**EXERCISE DIRECTIONS:**
Skipping any pictures, give all of the records below again exactly.

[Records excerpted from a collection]
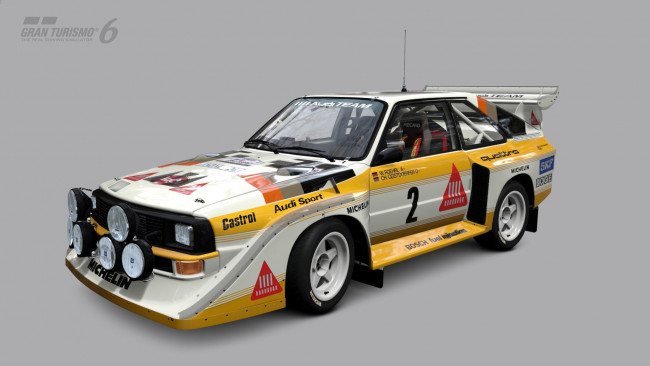 Обои картинки фото видео игры, gran turismo 6, автомобиль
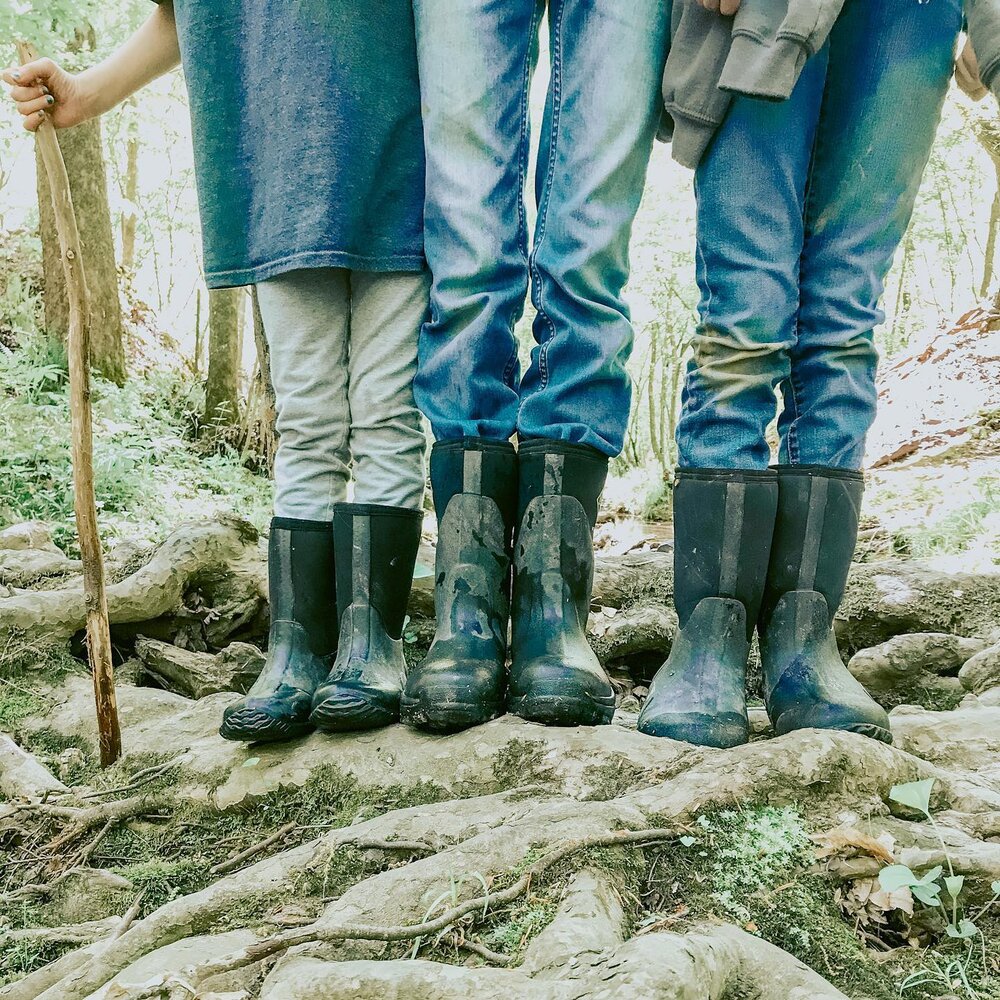 I want my girls to see dirt under my fingernails. Grease in my fingerprints. Grass stains on my jeans.⁣
⁣
I want them to see me build a fire. Cook them s&rsquo;mores. Pitch a tent.⁣ I want them to see me work, hard. And then play, hard.⁣
⁣
I want the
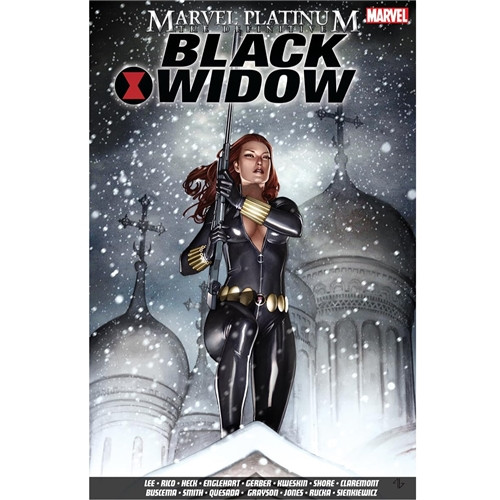 MARVEL PLATINUM DEFINITIVE BLACK WIDOW UK ED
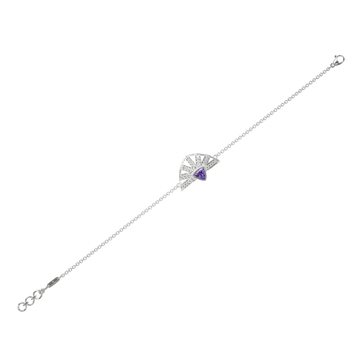 Purple Winter Diamond Bracelets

**RESULT:**
 Обои картинки фото видео игры, gran turismo 6, автомобиль
 I want my girls to see dirt under my fingernails. Grease in my fingerprints. Grass stains on my jeans.⁣
⁣
I want them to see me build a fire. Cook them s&rsquo;mores. Pitch a tent.⁣ I want them to see me work, hard. And then play, hard.⁣
⁣
I want the
 MARVEL PLATINUM DEFINITIVE BLACK WIDOW UK ED
 Purple Winter Diamond Bracelets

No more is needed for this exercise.